Many incidents of bullying, harassment or discrimination at the Bar go unreported and unchallenged. Many people are reluctant to report a distressing experience, sometimes because they fear reporting will have an impact on their career, or that they won’t be believed. In order to tackle behaviours like racist or sexist comments, bullying or inappropriate behaviours occurring across the Bar, we need to know about them. The Bar Council is working with Spot, an online tool, to give the profession a secure, constructive process for reporting and dealing with unacceptable behaviours.

With COVID-19 restrictions in place and sometimes prompting further incidents of bullying and discriminatory behaviours, Spot has an even greater role to play in any barrister’s day-to-day practice. The Spot tool allows members of the Bar to record and – if they wish – report these behaviours anonymously.

How Spot works

Spot is a completely secure, online tool designed to help people working at the Bar to record and report any incident. It will let you make a record of exactly what happened, who did it, who saw it, where it happened and when. It’s simple to use and when you’ve inputted the information it will generate a date-stamped contemporaneous record of the incident. At this point, no one else will see it. It belongs only to the person who created the record.

Once the record has been created, you decide if you want to do anything else with it. It can be left as a record of the incident, or it can be used to support a complaint or request for help. A complaint can go to chambers, the relevant employer and/or regulator. In the case of criminal behaviour, the record can be used to help report an incident to the police.

If you give permission, the record can be sent by Spot to the Equality and Diversity team at the Bar Council. This can be done completely anonymously and enables the Bar Council to provide additional support and collect information about what’s happening – and where. The Bar Council team is not obligated to report an incident recorded on Spot to the Bar Standards Board, or to anyone else.

Building a picture of harassment and discrimination at the Bar

Reports to Talk to Spot have steadily increased since it was launched to the Bar in 2019. The team at the Bar Council are now receiving five or six reports a month which is significant considering it’s a new platform and there remain barriers to reporting in an institution like the Bar. COVID, unfortunately, appears to have amplified instances of bullying with barristers feeling pressured by judges to turn up to court unnecessarily despite the health risks involved. In January 2021, all reports submitted via the ‘app’ related to COVID-19 issues. A total of 34 reports were made between September 2020 and the end of January 2021 on the platform.

Tools such as Spot take time to gain traction and earn the confidence of those it is designed to help. Equally, the Bar needs to have confidence in the wider system of how complaints are dealt with. Questions have recently been raised about the leniency with which the Bar Tribunal Adjudication Service deals with sexual harassment claims reported to the BSB and whether the sanctions sufficiently reflect the seriousness of such behaviour.

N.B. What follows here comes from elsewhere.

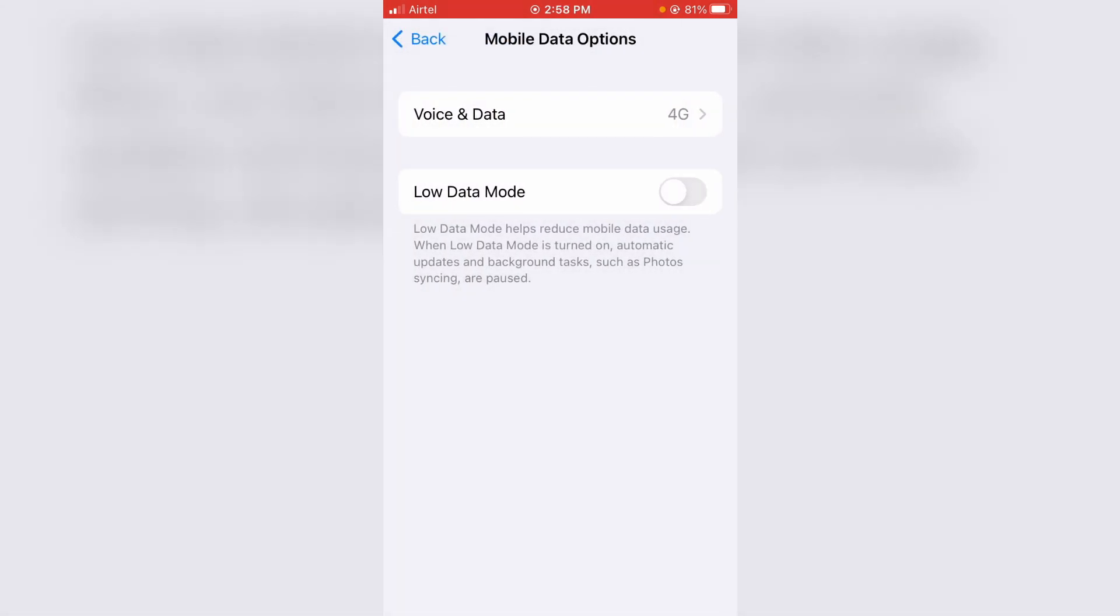And also disable this low data mode because sometimes this option will prevent you from turning on the personal hotspot. So anyway, once you follow these steps I mentioned, finally turn on your mobile data.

Spot will allow the Bar Council to build a picture of what is happening at the Bar and, where patterns of bullying, harassment, discrimination and other inappropriate behaviour are identified, tackle them. The isolation experienced by people who’ve been bullied, harassed and discriminated against can be a barrier to challenging perpetrators and toxic cultures. If multiple anonymous reports are made about the same individual, the Bar Council support complainants to join the dots. This could give them more confidence in pursuing a complaint or, at the very least, let them know they are not alone.

A Bar-wide tool

Spot can be used by anyone who’s experienced bullying, harassment or inappropriate behaviour at the Bar. It can also be used by witnesses to report an incident, or by a third party who’s received a report and wants to make a record.

Spot is just one way that the Bar Council is tackling bullying, harassment and discrimination at the Bar. Alongside the Talk to Spot tool, the Bar Council continues to provide confidential ethics and equality and diversity helplines, training and support for members and chambers, research and guidance on all aspects of equality and diversity.

The Bar Council wants everyone working at the Bar to be aware of Talk to Spot. It is an easy and controllable way to raise a concern or make a complaint. The time has come to stop sweeping these incidents under the carpet and take action.